Yep. And at the moment, I'm not so sure they're really the cause because it happened again.
At first, I thought it had something to do with my ISP. I made a call, but they couldn't find anything wrong with the connection. The problem would be on my side. Hm.
Can you narrow it down to one specific setting of these by disabling one by one?
Right now: definitely NO. Its "under investigation".
Best, Matthias
P.S.: Oh my - it was too late for something like this - just saw it: the machine needs a reboot to really get rid of the tuned parameters, right!?
-Michael
On 20 Feb 2019, at 10:18, Matthias Fischer matthias.fischer@ipfire.org wrote:
Hi,
being curious, I tested commit https://git.ipfire.org/?p=ipfire-2.x.git;a=commit;h=d03916e55851a243594ebf6f... on my Core 127 / 32bit IPFire.

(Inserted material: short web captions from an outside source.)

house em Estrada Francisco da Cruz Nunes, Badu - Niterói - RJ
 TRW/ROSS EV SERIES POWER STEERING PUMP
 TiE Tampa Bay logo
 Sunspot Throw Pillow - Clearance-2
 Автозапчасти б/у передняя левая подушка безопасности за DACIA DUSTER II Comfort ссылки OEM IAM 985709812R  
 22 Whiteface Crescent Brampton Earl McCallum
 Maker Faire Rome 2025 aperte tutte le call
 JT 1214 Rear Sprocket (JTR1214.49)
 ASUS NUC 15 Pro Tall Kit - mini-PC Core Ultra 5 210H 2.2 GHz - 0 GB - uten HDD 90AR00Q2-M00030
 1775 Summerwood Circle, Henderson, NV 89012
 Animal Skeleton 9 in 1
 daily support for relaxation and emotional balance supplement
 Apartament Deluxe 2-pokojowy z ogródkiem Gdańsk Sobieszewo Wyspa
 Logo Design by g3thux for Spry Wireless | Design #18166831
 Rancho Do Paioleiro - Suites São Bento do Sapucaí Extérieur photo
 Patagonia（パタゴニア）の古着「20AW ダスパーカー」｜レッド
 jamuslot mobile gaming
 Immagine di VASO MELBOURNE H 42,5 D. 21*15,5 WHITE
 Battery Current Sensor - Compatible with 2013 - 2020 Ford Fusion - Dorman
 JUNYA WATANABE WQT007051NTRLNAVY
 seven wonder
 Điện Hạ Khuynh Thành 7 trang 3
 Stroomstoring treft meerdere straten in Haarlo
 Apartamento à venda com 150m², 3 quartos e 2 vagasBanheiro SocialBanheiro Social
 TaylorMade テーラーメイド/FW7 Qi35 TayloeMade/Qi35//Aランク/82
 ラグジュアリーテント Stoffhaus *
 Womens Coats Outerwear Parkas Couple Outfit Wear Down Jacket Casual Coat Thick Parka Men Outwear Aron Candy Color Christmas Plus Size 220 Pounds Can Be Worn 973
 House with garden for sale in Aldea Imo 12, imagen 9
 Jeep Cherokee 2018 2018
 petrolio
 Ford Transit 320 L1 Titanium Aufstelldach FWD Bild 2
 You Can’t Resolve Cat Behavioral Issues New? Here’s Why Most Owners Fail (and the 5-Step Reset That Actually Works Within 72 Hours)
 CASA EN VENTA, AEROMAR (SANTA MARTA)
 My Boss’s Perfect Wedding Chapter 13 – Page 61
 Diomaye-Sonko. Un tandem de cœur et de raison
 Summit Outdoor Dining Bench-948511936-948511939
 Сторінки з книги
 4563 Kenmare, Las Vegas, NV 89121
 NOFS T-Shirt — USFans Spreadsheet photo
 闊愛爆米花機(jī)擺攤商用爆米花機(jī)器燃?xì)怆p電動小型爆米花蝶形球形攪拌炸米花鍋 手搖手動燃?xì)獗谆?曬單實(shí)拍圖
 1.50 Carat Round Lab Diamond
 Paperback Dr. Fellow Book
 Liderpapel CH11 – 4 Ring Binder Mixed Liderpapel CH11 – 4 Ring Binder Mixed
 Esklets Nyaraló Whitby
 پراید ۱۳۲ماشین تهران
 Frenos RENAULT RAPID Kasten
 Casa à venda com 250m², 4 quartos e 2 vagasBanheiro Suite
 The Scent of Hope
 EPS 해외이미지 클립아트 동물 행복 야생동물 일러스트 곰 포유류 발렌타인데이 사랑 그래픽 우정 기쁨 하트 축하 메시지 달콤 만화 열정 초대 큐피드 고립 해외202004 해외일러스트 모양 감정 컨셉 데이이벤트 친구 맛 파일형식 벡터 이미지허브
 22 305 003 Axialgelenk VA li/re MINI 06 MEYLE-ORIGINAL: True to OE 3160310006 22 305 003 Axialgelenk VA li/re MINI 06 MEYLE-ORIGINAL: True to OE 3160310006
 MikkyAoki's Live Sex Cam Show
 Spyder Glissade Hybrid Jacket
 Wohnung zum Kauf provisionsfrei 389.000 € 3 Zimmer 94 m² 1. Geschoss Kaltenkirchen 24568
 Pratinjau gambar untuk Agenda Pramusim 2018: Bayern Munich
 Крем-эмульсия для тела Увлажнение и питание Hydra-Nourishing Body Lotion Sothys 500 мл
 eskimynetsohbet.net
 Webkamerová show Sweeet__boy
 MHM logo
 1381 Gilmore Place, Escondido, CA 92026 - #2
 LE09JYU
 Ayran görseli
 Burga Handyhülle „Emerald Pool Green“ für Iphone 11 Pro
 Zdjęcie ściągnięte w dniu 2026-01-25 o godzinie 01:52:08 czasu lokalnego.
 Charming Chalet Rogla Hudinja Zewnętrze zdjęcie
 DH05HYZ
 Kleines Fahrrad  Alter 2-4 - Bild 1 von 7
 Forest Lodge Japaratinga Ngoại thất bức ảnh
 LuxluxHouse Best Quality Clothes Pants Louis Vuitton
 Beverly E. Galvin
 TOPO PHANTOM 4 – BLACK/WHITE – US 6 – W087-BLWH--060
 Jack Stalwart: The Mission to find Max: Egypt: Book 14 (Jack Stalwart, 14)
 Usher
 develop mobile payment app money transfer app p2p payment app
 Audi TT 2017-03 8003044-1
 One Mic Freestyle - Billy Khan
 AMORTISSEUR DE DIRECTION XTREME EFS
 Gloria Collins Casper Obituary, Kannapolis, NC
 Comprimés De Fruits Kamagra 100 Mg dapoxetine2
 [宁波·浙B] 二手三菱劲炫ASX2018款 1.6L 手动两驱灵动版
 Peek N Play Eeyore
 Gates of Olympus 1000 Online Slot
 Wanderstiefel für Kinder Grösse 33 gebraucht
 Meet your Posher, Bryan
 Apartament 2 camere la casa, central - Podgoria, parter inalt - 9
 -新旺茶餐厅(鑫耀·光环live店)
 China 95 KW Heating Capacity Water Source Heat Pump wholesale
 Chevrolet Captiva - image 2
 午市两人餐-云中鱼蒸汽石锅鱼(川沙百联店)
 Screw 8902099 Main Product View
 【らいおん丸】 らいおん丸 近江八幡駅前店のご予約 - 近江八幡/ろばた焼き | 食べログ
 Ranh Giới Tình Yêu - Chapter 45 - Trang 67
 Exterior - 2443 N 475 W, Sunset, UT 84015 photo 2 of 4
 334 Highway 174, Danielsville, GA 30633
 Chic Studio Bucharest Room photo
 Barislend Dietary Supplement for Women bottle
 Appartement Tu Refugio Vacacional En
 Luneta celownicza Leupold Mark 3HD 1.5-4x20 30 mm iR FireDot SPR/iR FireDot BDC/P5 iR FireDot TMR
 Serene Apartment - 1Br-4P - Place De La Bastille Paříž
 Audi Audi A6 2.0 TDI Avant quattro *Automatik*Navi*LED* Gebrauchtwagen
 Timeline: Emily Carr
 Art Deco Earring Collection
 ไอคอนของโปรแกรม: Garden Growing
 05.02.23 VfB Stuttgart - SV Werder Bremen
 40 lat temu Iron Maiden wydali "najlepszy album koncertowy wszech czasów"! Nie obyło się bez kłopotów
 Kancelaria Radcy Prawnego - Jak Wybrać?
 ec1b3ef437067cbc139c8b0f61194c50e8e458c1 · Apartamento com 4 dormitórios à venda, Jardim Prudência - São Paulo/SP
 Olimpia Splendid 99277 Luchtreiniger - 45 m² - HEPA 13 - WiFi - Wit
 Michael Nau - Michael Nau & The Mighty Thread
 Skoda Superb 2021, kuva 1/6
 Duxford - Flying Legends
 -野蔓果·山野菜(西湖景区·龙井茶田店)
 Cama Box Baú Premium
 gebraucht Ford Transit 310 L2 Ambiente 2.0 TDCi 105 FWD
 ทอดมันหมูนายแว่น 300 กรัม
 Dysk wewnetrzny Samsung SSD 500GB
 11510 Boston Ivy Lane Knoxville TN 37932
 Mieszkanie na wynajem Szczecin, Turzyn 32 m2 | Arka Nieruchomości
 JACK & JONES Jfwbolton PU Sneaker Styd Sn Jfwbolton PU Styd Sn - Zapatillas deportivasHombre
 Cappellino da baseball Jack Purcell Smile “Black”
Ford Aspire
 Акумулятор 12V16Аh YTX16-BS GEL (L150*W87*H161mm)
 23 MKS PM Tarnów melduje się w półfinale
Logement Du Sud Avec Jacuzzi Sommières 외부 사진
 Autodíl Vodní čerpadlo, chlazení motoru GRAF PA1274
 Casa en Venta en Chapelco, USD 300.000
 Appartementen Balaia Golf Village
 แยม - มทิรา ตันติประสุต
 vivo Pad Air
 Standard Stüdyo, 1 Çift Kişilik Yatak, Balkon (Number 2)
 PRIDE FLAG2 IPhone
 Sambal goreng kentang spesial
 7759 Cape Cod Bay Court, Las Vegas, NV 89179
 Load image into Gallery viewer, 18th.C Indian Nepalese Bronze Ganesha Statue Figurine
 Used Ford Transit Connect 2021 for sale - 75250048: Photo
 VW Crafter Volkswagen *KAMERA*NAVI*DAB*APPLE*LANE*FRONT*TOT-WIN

At first I didn't notice any differences, system was running as usual. No important performance impact or change.
But yesterday, while starting some bigger downloads and closely watching, I noticed that everytime someone started to download a somewhat bigger file, e.g. 250-800 MB, downloading rates went down to a crawl. Some downloads even aborted and nearly all where amazingly slow (~150KB/s, normal: ~6.5 MB/s).
Restarting our Fritzbox and IPFire itself didn't help, all downloads stayed that way.
After reverting the above commit in '/etc/sysctl.conf' and running 'sysctl -p', system is running at full speed again: VDSL, 50Mbit down / 10Mbit up.
Configuration: Duo Box with Core 127/32bit. Running 'privoxy 3.0.28', 'squid 4.6' (non-transparent, 512 MB RAM only), 'squidguard 1.5 beta', 'squidclamav', 'snort / guardian', 'unbound 1.9.0' with DoT/TFO.
Could someone please test and confirm (or not ;-) ).